My recommendation: Start slow, under-train at first, and work your way up from there.

I’ve created a complete, full-body workout that is joint friendly, can be done virtually every day if you desire, takes 30 minutes or less, works multiple attributes such as strength, endurance, balance, and cardio, and can be done anywhere with no equipment (other than a yoga mat).

Sound too good to be true? I assure you, it’s real. It’s called GREEK YOGA™, and it’s a great workout! If you’re looking for something different that the run-of-the-mill, this definitely fits the bill.
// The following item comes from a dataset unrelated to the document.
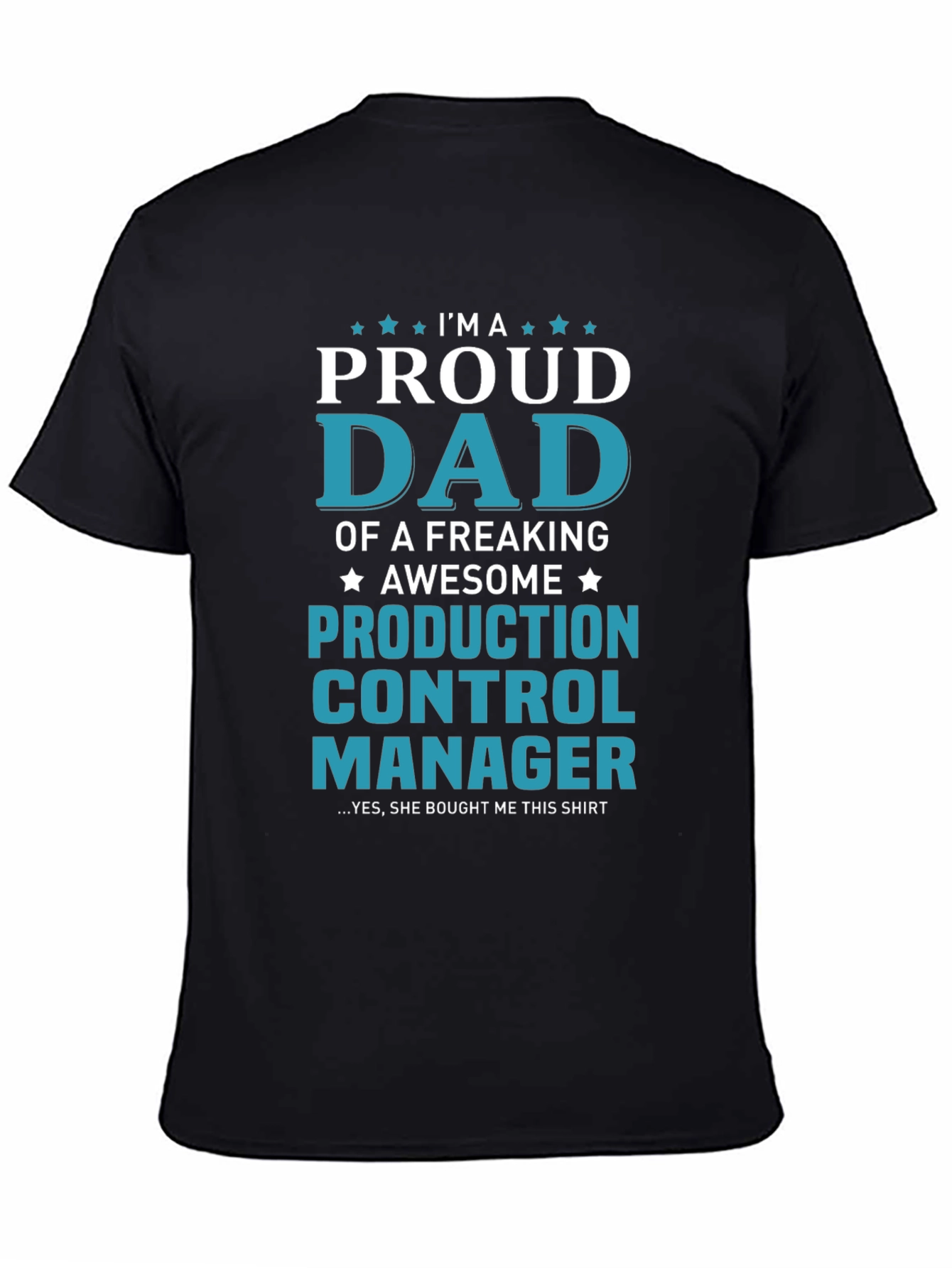 Black Proud Dad Production Control Manager T-Shirt view 4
So if you have the proper discipline, and approach your training patiently as a life-long pursuit, for all the reasons I’ve mentioned above, you may find near-daily training fits you like a glove.

I welcome your comments. 

Patrick Rooney is the Founder of, a website that believes “If it ain’t broke, don’t fix it.” Its focus is Health, Success, and Freedom—yeah, in that order. Patrick is the author of GREEK PHYSIQUE: The Simple, Satisfying Way to Sculpt Your Body—Even if You’re Old, Weak, or Broken Down; and is also the creator of Greek Yoga™ and the Greek Yoga for Beginners video. To reach Patrick, email him at[email protected].

2 thoughts on “The Case for Training (Almost) Daily”

  1. I can dig it. Good job PR! I plan for every day and end up getting in several workouts a week. If you plan for daily workouts, you’ll end up working out more than if you plan 3 or 4 days a week because you’ll always miss a workout even if it’s 3 or 4 days a week. You know me, I’m on my bike for most of my exercise.

    1. Thanks, Wayne. Glad you liked. Yes, we definitely do better when we aim higher! Shoot for the stars, hit the moon, right? One day maybe we can shoot for the star, and hit the star! Although that would be hot, wouldn’t it!